Requirement
Your answer should repeat exactly the lines from the one holding "Fluffy european badger, meles" through the end of the data, and it should contain no pictures.

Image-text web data
★ ★ ★

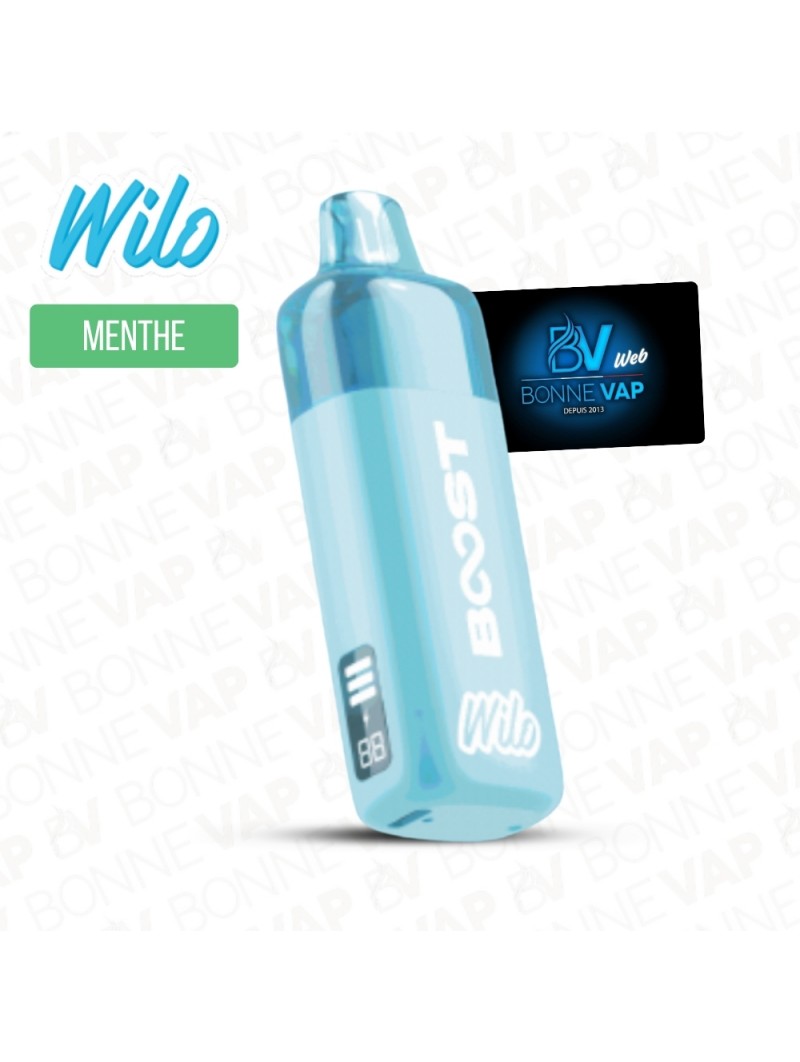 Starter Puff Menthe Fraîche - Wilo Boost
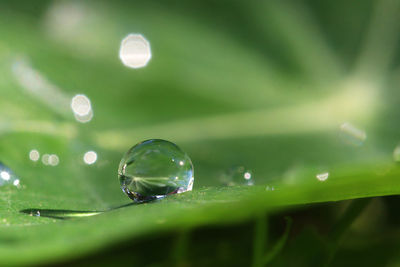 Close-up of raindrops on leaf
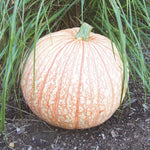 OP Specialty Pumpkin - One Too Many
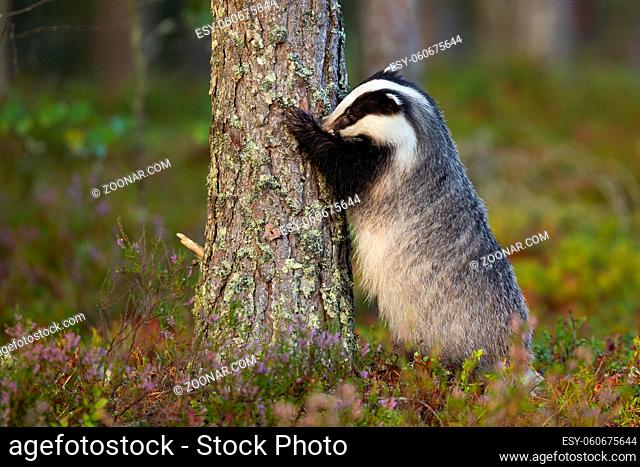 Fluffy european badger, meles meles, sniffing trunk of coniferous tree with nose. Wild mammal with black and white stripes on head standing on rear legs and...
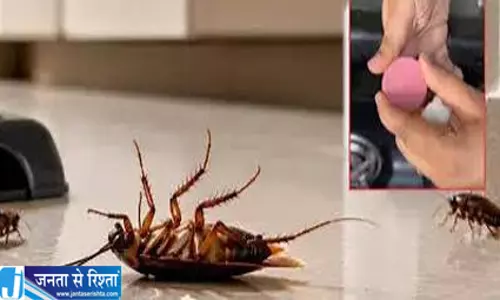किचन के कोनों में Vicks लगाने का ट्रेंड वायरल जानें क्या है वजह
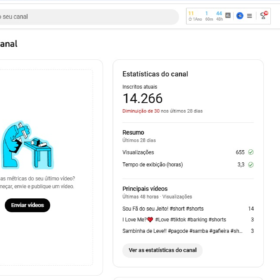 Canal Youtube Tiktok - 14.266 Inscritos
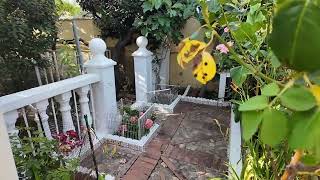 В гостях у свекровь. Обстановка у моей свекровь. Что тут пвориться .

★ ★ ★

Your solution
 Fluffy european badger, meles meles, sniffing trunk of coniferous tree with nose. Wild mammal with black and white stripes on head standing on rear legs and...
किचन के कोनों में Vicks लगाने का ट्रेंड वायरल जानें क्या है वजह
 Canal Youtube Tiktok - 14.266 Inscritos
 В гостях у свекровь. Обстановка у моей свекровь. Что тут пвориться .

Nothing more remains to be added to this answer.